If you take the FFT of samples of x(t), written as x(n), to get X(k), then the result X(k) is an estimate of the Fourier series coefficients of a periodic function, where one period over T0 seconds is the segment of x(t) that was sampled. If the units of x(t) are degrees C, then the units of X(k) are also degrees C. The units of abs(X(k))^2 are C^2, which are the units of power. Thus, a plot of abs(X(k))^2 versus frequency shows the power spectrum (not power spectral density) of x(n), which is an estimate the power of a set of frequency components of x(t) at the frequencies k/T0 Hz.

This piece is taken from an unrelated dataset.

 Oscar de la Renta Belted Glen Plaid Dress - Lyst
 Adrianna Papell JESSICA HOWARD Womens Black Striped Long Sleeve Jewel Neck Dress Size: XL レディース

Well, late answer I know. But I just had cause to do something like this, in a different context. My raw data was latency values for transactions against a storage unit - I resampled it to a 1ms time interval. So original data y was "latency, in microseconds." I had 2^18 = 262144 original data points, on 1ms time steps.
After I did the FFT, I got a 0th component (DC) such that the following held:
FFT[0] = 262144*(average of all input data).
So it looks to me like FFT[0] is N*(average of input data). That sort of makes sense - every single data point possesses that DC average as part of what it is, so you add 'em all up.
If you look at the definition of the FFT that makes sense too. All of the other components would involve sine and cosine terms too, but really the FFT is just a summation. The average is just the only one that happens to be present in all points equally, because you have cos(0) = 1.